+++ DATA EXCERPT +++

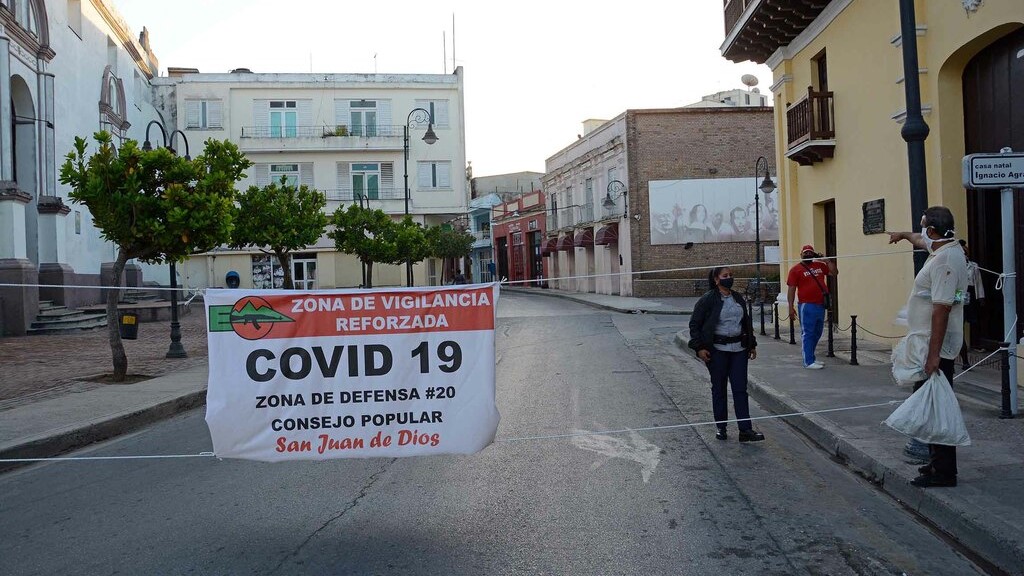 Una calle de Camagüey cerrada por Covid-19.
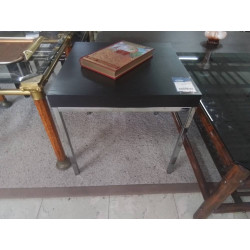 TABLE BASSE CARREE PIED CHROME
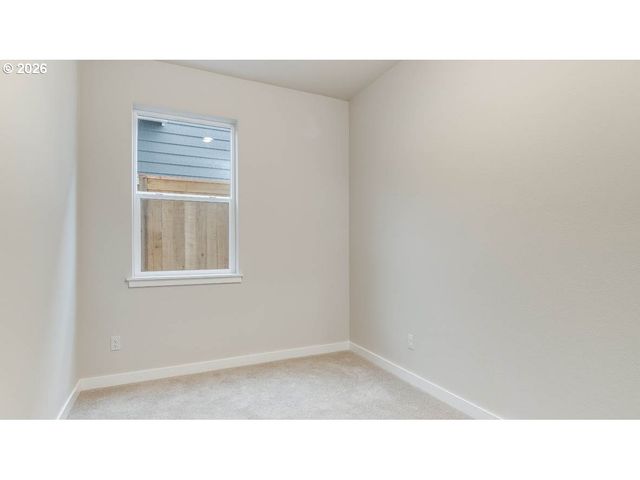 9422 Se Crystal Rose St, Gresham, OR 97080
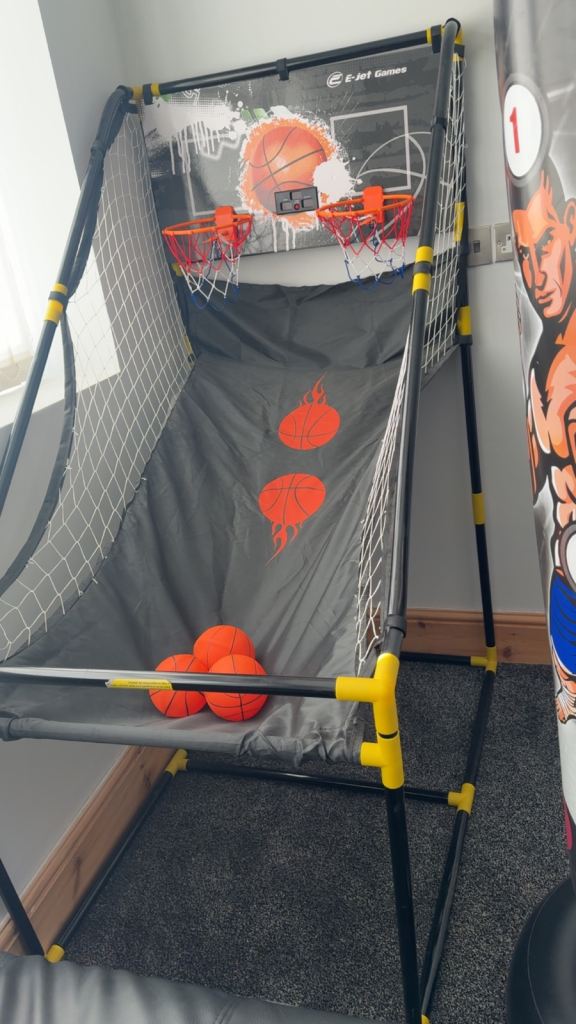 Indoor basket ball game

+++

Your output should consist solely of the lines from the line containing "TABLE BASSE CARREE PIED CHROME" through the end of the data above, copied exactly, with images removed.

 TABLE BASSE CARREE PIED CHROME
 9422 Se Crystal Rose St, Gresham, OR 97080
 Indoor basket ball game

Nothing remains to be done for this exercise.